Philipp: Warum werden einige Privatsender dazu verpflichtet Sendungen von unabhängigen Drittanbietern wie DCTP auszustrahlen?

Markus Ruoff: Privatsender mit einem Marktanteil von über zehn Prozent bei den Zuschauern ab drei Jahren müssen laut Rundfunksstaatvertrag Teile ihrer Sendezeit unabhängigen Dritten für Fensterprogramme zur Verfügung stellen. Das betrifft somit sowohl RTL als auch Sat.1. Damit soll die Programmvielfalt der marktstarken Sender erhöht werden. Auch die Dauer und Positionierung der Fensterprogramme sind vorgeschrieben: Wöchentlich 260 Minuten, davon mindestens 75 Minuten in der Sendezeit zwischen 19.00 Uhr und 23.30 Uhr. Regionalprogramme können mit bis zu 150 Minuten pro Woche auf die Gesamtsendezeit angerechnet werden. Die Sender müssen diese Drittprogramme voll finanzieren, haben aber keinen kreativen Einfluss auf die Inhalte.

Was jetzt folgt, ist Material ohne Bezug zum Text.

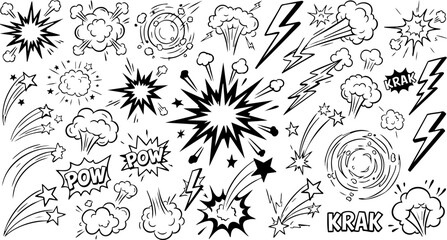 Comic book explosion effects © Jawad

Florian: Haben Sie Informationen darüber, ob die britische Drama-Serie «Skins» synchronisiert und im deutschen Fernsehen ausgestrahlt wird?

Markus Ruoff: Nein, darüber habe ich leider überhaupt keine Informationen. Was ich aber gehört habe, ist, dass die Produktionsfirma MME Moviement eine deutsche Adaption von «Skins» plant. Das ist allerdings das einzige, was ich weiß.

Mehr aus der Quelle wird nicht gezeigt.